While other foreign ministers from around the world are headed to two key international meetings, Japan's Makiko Tanaka will be sitting in Tokyo, sidelined by a power struggle with her boss that could spell trouble for the country's ruling party.

To critics, Mrs. Tanaka is erratic - and a troublemaker. But supporters hail her as a reformer who challenges Japan's good-ol'-boy network at the foreign ministry. While many of the country's opinion-makers suggest Tanaka is unfit to represent the country in international affairs, others say she is the victim of a campaign to push her from office through a barrage of leaks aimed at capsizing her political career.

The big question is whether Prime Minister Junichiro Koizumi will have Tanaka replaced. If he forces her from office, he risks losing supporters along with the woman often ranked as Japan's most popular politician.

"Koizumi has been distancing himself from Tanaka in last few weeks," says Koichi Nakano, a professor of political science at Sophia University in Tokyo. "He's not necessarily standing by Tanaka, but now that he's under heavy pressure to fire her, it's very difficult to do that. At the same time, if he insists on keeping her and she causes further problems, his cabinet is going to be destabilized quite a bit."

When he leaped to the country's top position just over half a year ago, Mr. Koizumi had Tanaka to thank, in part. Her public appeal helped draw support from rank-and-file members of the ruling Liberal Democratic Party (LDP), and Koizumi rewarded her by giving her the nation's second-most senior position. But now, many say Tanaka has become a liability for Koizumi. Recent newspapers have been filled with embarrassing episodes, from a tiff over not receiving an invitation to an imperial garden party to a failed attempt to dismiss the ministry's head of personnel. Two of the country's major papers have suggested that Koizumi dismiss Tanaka. Bowing to the critics, Koizumi decided this week not to interfere with the Japanese parliament's refusal to let Tanaka speak at Sunday's United Nations' General Assembly meeting in New York.

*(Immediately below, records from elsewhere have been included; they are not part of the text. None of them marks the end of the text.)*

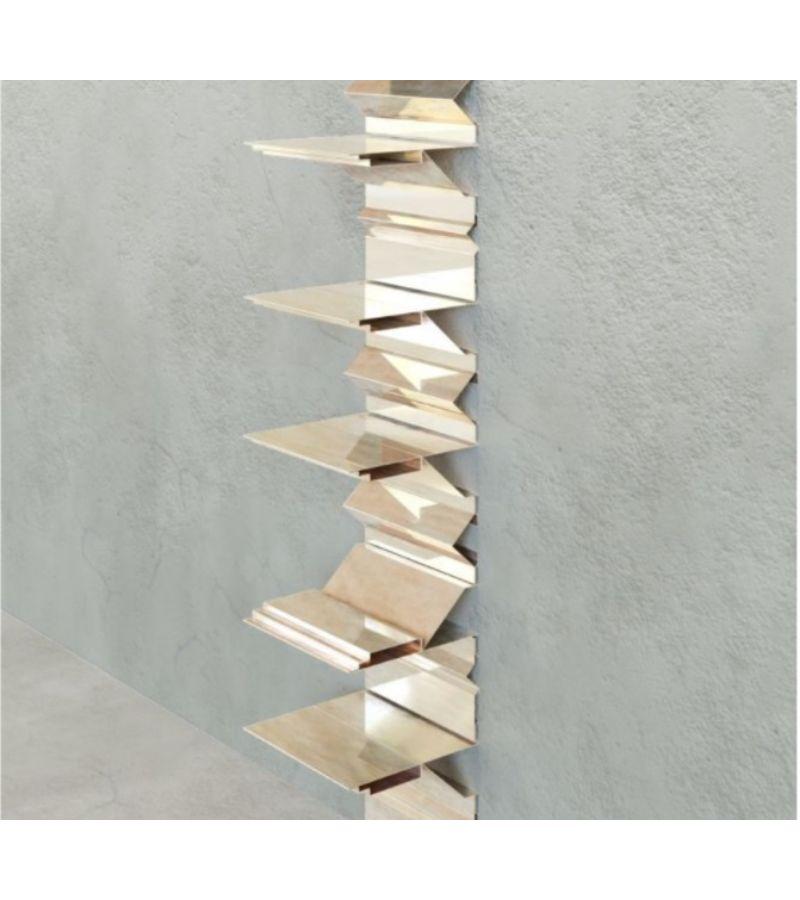 Brass item 4 turning points bookcase shelf by Scattered Disc Objects 
Limited Edition 
Dimensions: D 28 x W 33 x H 170 cm 
Material: Brass sheet.
Technique: Folded brass sheet, modular, wall-mounted with a back profile in solid brass.
Available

Tanaka will also miss out that day on the Group of Eight (G-8) foreign ministerial meeting; instead, the deputy foreign minister will represent Japan.

Tanaka's frank manner may partly explain why her tenure as foreign minister seems to be in a permanent state of crisis. She entered the job six months ago with the stated intention of challenging the system and cleaning up a corruption-filled ministry - not easy tasks in a country where subtlety is as important as substance. For example, she is trying to erase the two-tiered system that distinguishes between career diplomats, who soar to plum positions after passing a test at the start of their careers, and non-career diplomats, who toil away at the ministry for years without being considered for more important positions.

Many here say that Tanaka's foes are trying to take advantage of her inexperience as minister to paint her as unflatteringly as possible.

"These are not foreign policy matters. This is bureaucrats versus politicians," says Taro Kono, one of a group of progressive young legislators in the LDP. "Mrs. Tanaka wants to go right to the core and to change the system all the way through, and bureaucrats across the board are really fearful."

For years, her position has been treated as a way station on the road to the prime minister's office, and policy was the reserve of the ministry's long-term elites. Today, the standoff between Tanaka and the bureaucrats is heightened by Sept. 11 and Japan's struggle to define its role in the war on terror.

"Among my colleagues, no serious scholars support Tanaka, simply because she doesn't know much about Japanese foreign policy," says Professor Yasunari Sone, a political scientist at Keio University.

The public views Tanaka differently. A phone poll in August by Kyodo News found that 76.9 percent of respondents approved of her performance, primarily because of her enthusiasm for reforming the foreign ministry. "If she is ruined, that is, politically ... the popularity [of this government] among the people will decline," says Setsu Kobayashi, a law professor and member of her private advisory council.